*Records for the task*:
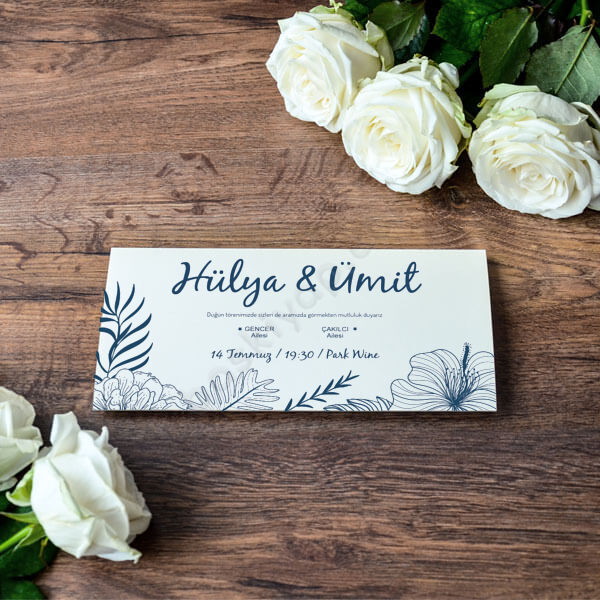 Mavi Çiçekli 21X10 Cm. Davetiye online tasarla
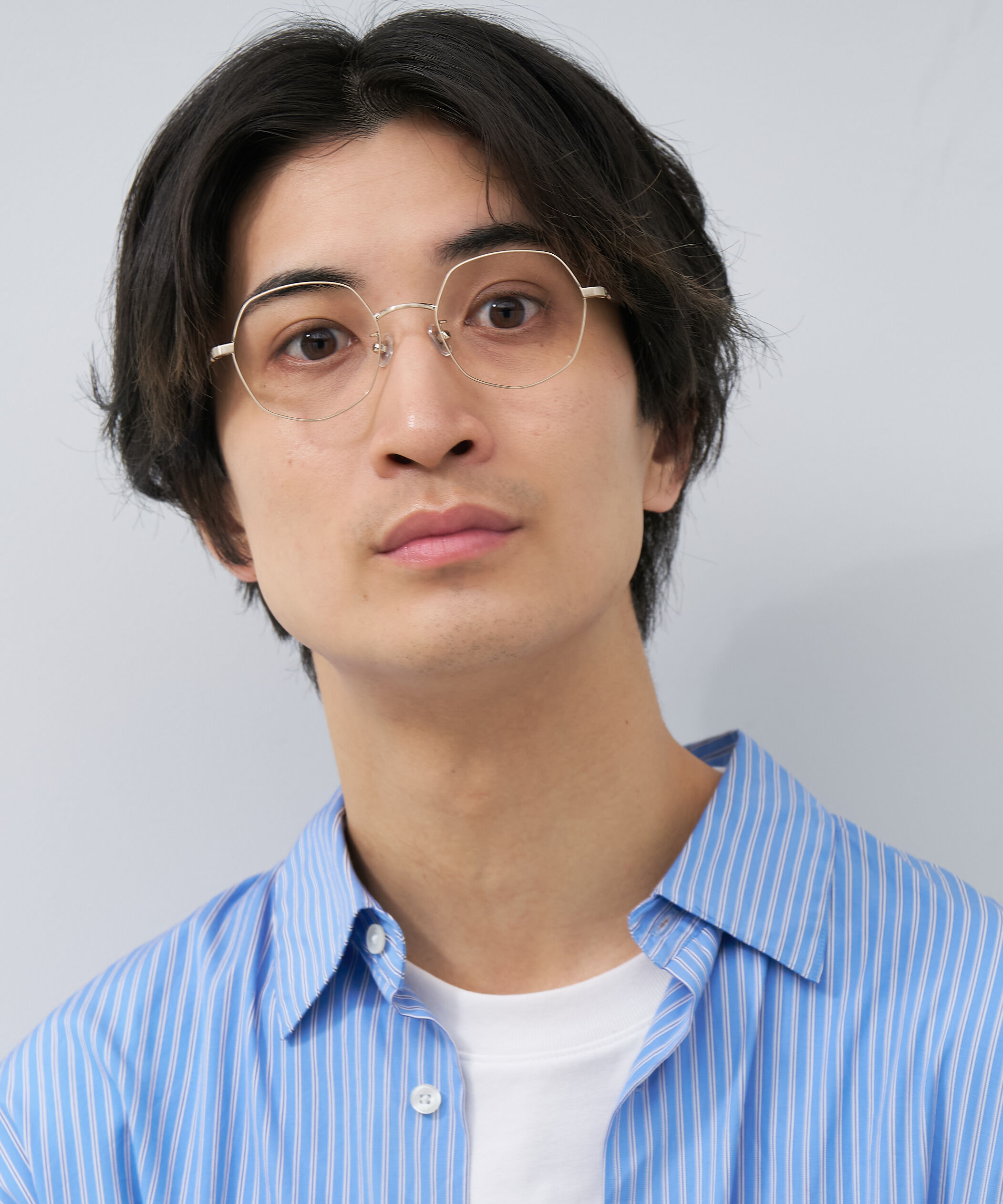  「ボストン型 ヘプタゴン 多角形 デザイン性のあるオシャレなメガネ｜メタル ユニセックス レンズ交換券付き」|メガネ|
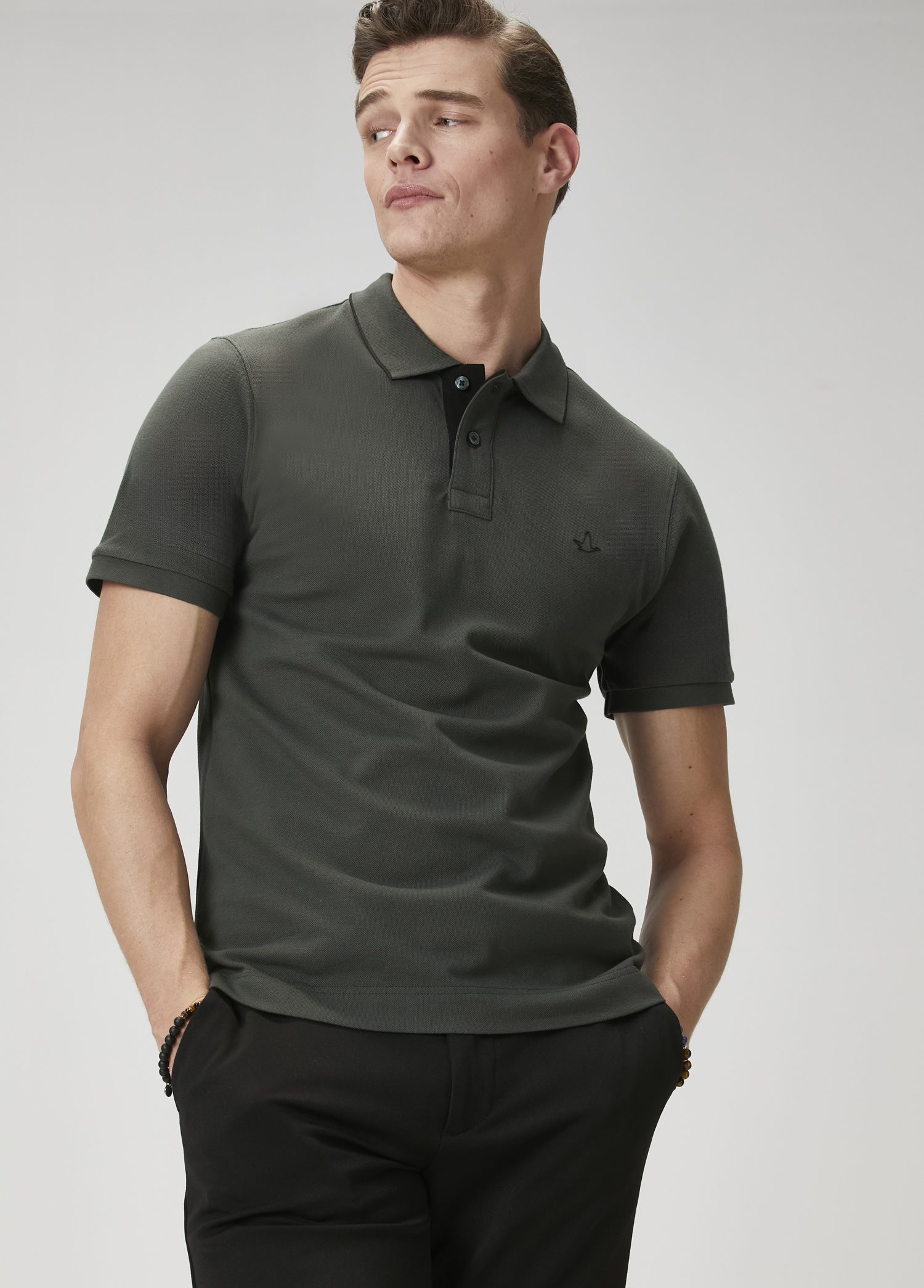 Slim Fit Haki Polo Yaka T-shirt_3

...

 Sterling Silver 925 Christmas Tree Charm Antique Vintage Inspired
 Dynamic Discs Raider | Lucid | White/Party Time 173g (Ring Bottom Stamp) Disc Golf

*Task*: Above are some records; quote exactly and only the lines that begin at the line containing "Mavi Çiçekli 21X10" and stop after the line containing "Slim Fit Haki Polo Yaka T-shirt_3", leaving out the pictures.

*Response to the exercise*:
 Mavi Çiçekli 21X10 Cm. Davetiye online tasarla
  「ボストン型 ヘプタゴン 多角形 デザイン性のあるオシャレなメガネ｜メタル ユニセックス レンズ交換券付き」|メガネ|
 Slim Fit Haki Polo Yaka T-shirt_3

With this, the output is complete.